ASSIGNMENT> Everything from the line with "Blind Turn — poster" to the line with "Fototapeta na wymiar" in the listing below, both lines included, needs to be copied exactly, apart from the pictures.

THE DATA>
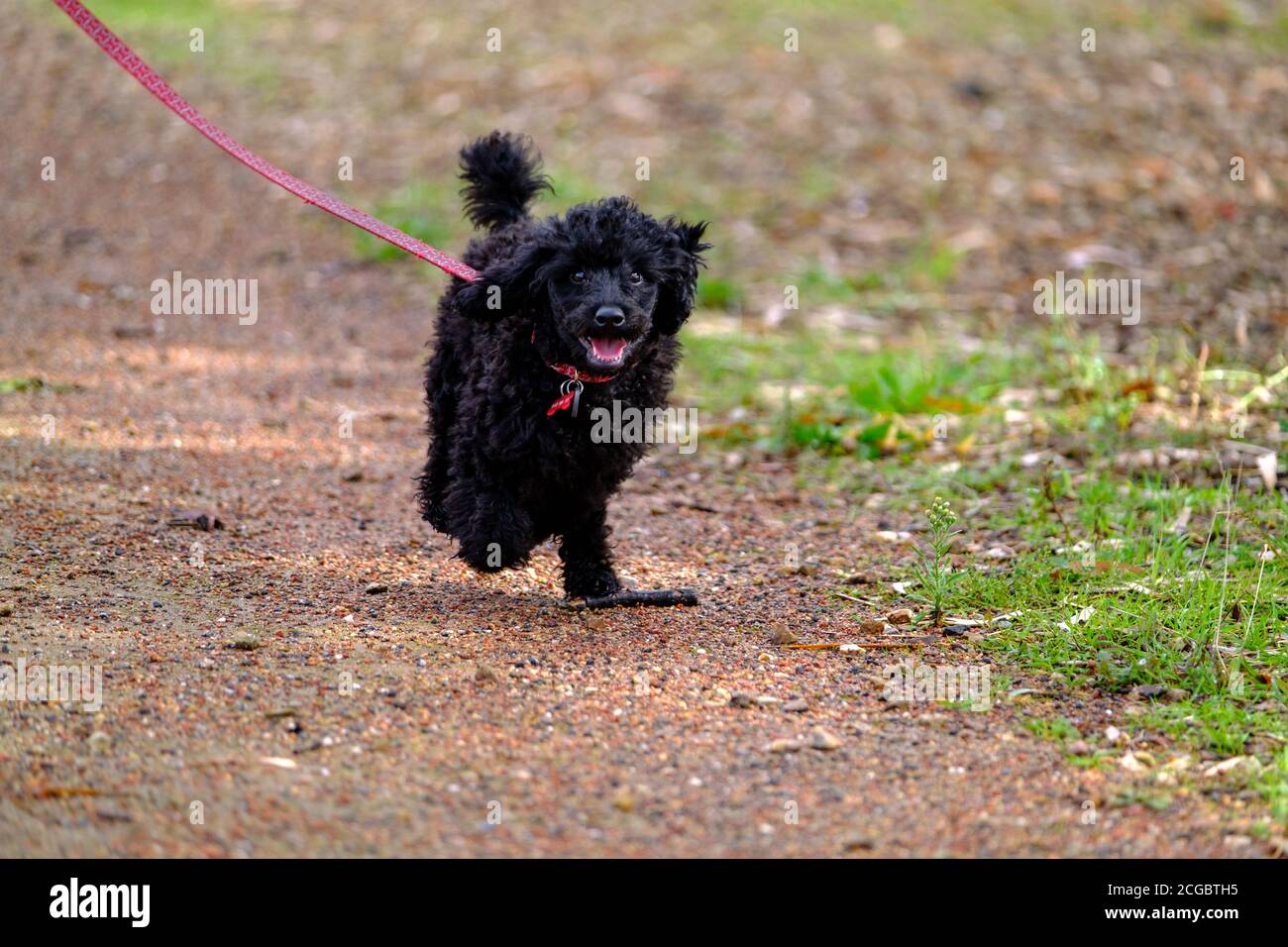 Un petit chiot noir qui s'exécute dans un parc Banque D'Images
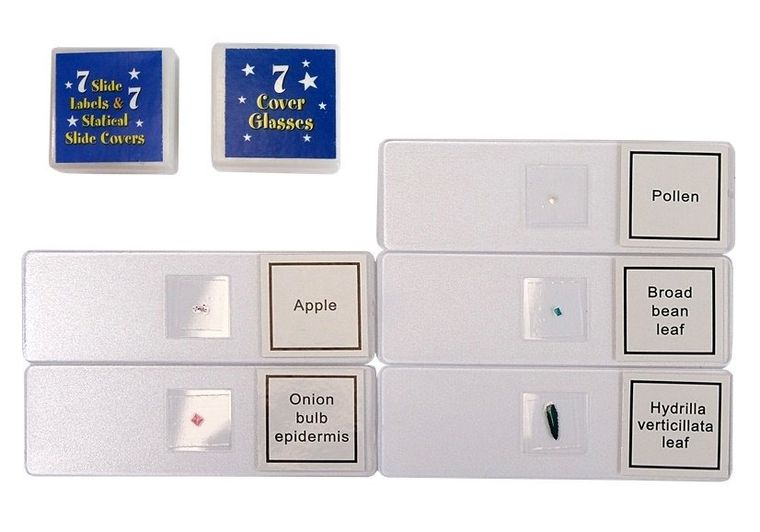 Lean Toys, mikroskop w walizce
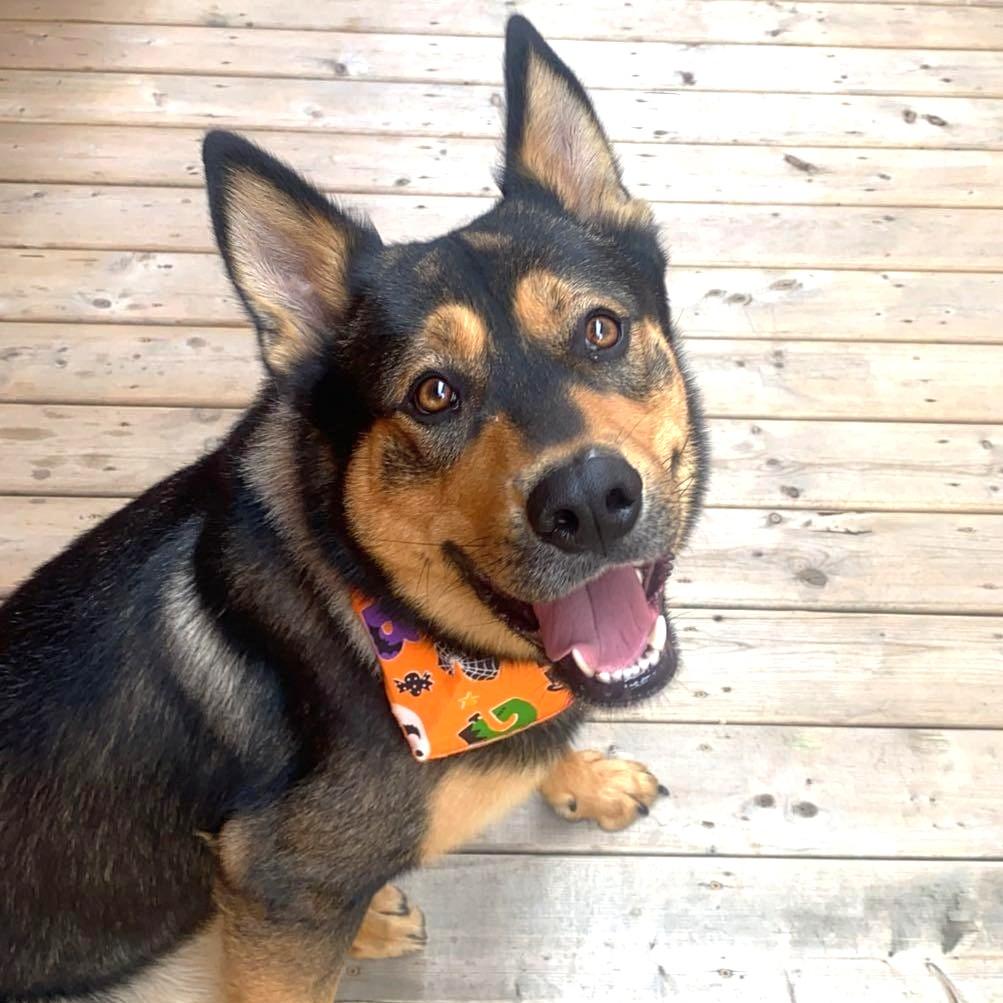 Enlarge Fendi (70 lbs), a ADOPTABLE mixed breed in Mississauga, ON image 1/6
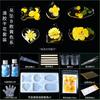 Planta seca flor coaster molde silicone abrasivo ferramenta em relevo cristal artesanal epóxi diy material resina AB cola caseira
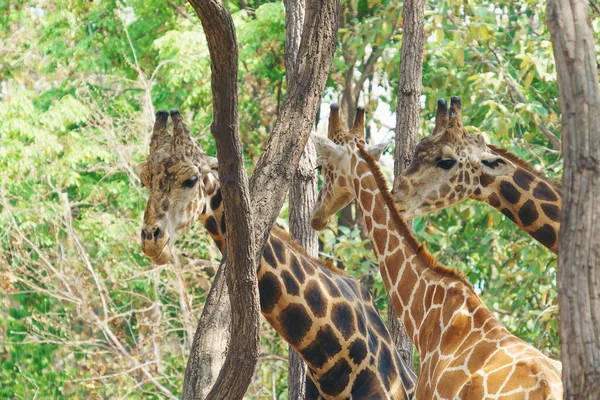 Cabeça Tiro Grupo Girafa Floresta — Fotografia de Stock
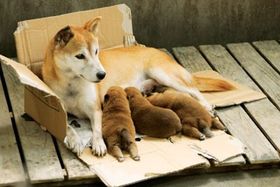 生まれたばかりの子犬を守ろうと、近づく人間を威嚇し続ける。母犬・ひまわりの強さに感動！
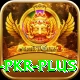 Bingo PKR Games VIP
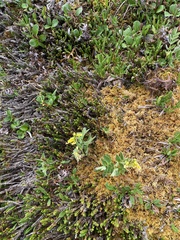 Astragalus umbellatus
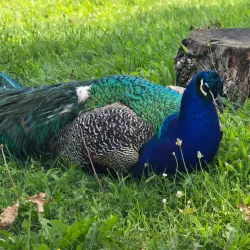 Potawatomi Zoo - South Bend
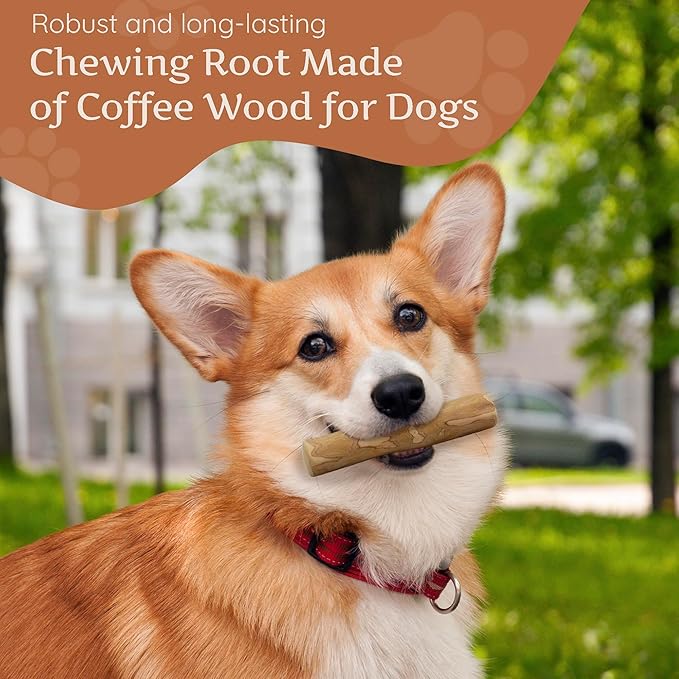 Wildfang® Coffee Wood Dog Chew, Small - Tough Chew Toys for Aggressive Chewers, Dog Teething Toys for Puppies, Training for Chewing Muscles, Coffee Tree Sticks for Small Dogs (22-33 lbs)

...

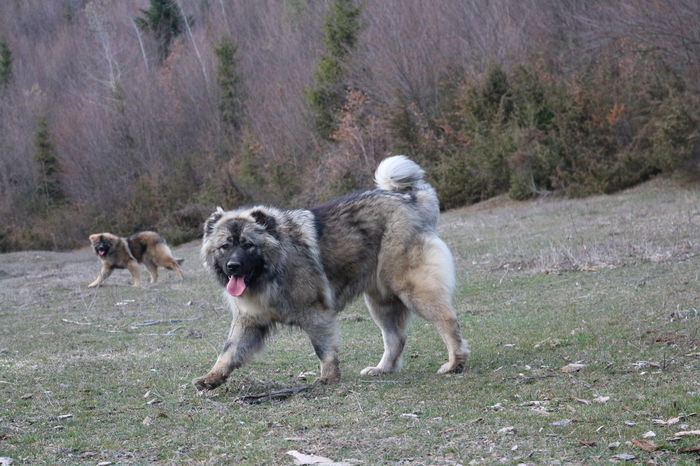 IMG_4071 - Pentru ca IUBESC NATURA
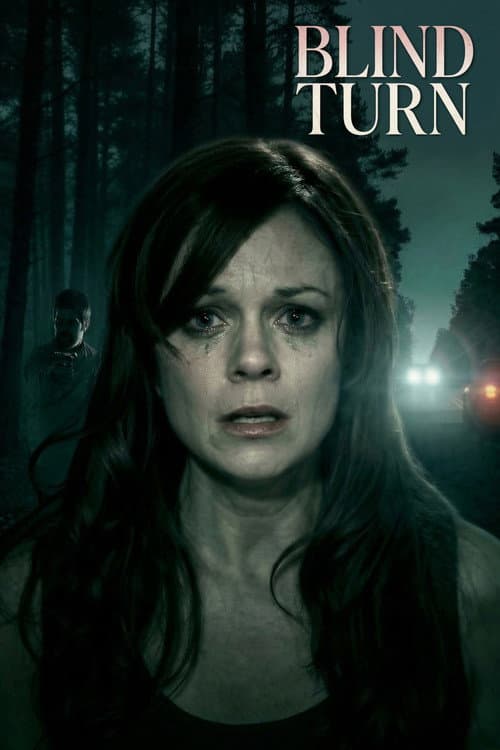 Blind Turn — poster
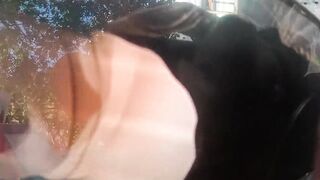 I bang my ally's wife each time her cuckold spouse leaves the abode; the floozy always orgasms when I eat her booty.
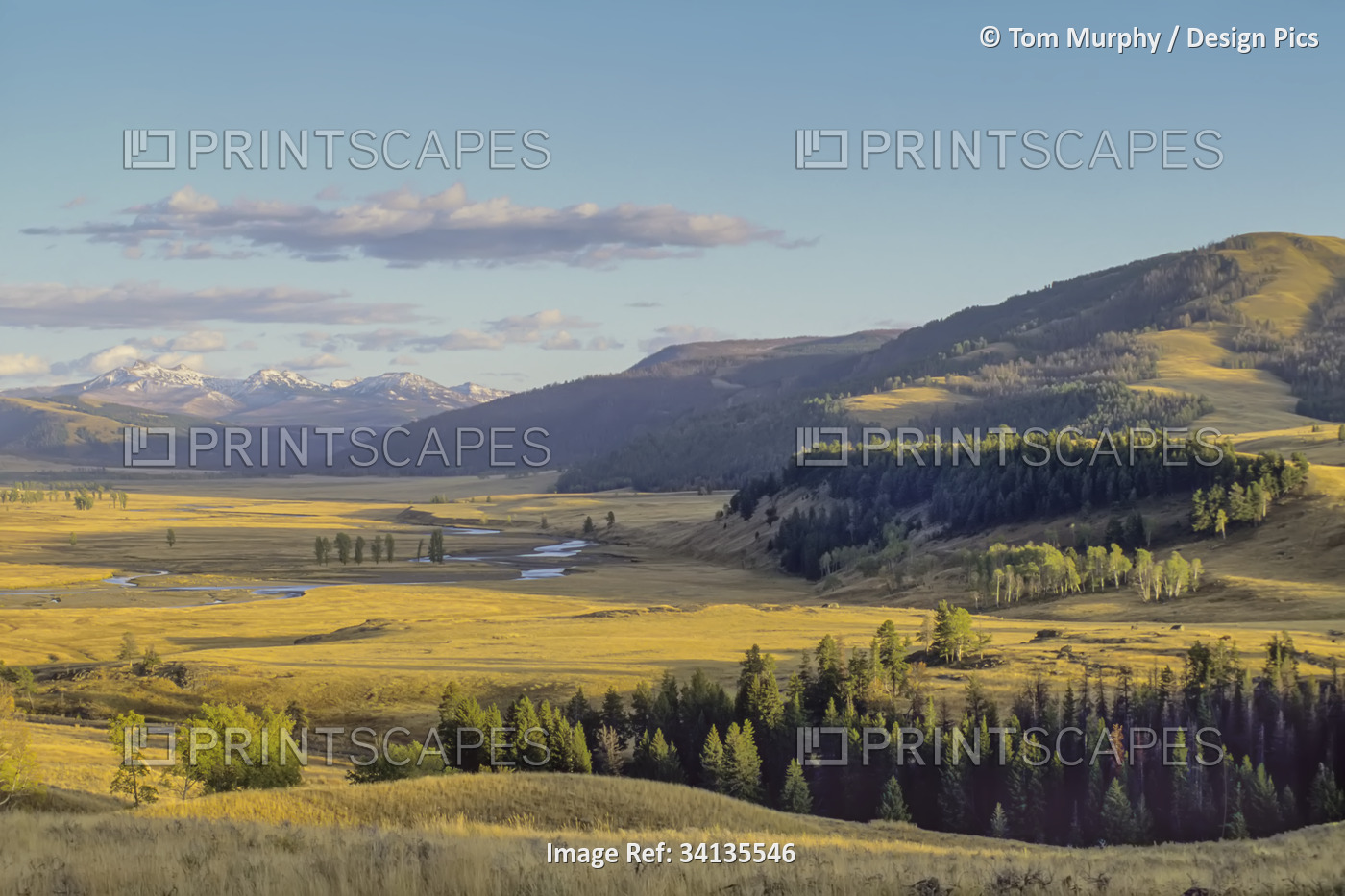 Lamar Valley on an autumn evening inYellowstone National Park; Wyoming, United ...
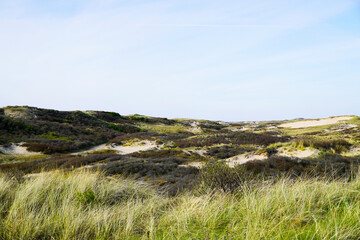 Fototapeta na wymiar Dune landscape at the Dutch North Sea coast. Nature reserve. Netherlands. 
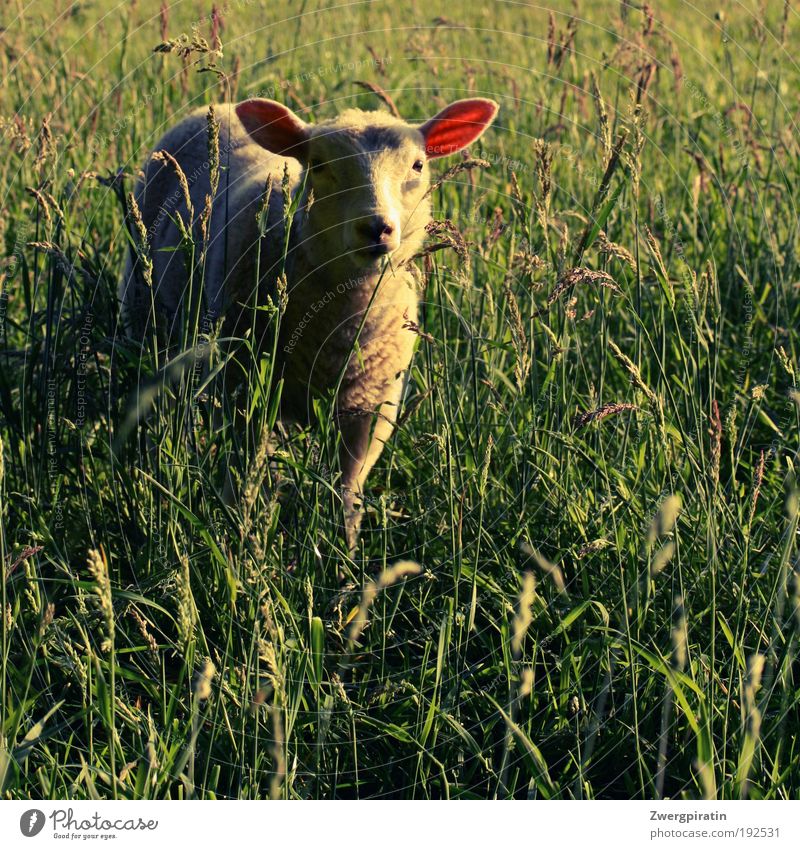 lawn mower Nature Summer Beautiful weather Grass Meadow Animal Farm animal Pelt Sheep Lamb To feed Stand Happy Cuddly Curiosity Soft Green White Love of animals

...

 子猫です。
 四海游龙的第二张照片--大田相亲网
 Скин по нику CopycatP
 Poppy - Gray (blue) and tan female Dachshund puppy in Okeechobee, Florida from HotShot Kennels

ANSWER FOR THE TASK>
 Blind Turn — poster
 I bang my ally's wife each time her cuckold spouse leaves the abode; the floozy always orgasms when I eat her booty.
 Lamar Valley on an autumn evening inYellowstone National Park; Wyoming, United ...
 Fototapeta na wymiar Dune landscape at the Dutch North Sea coast. Nature reserve. Netherlands. 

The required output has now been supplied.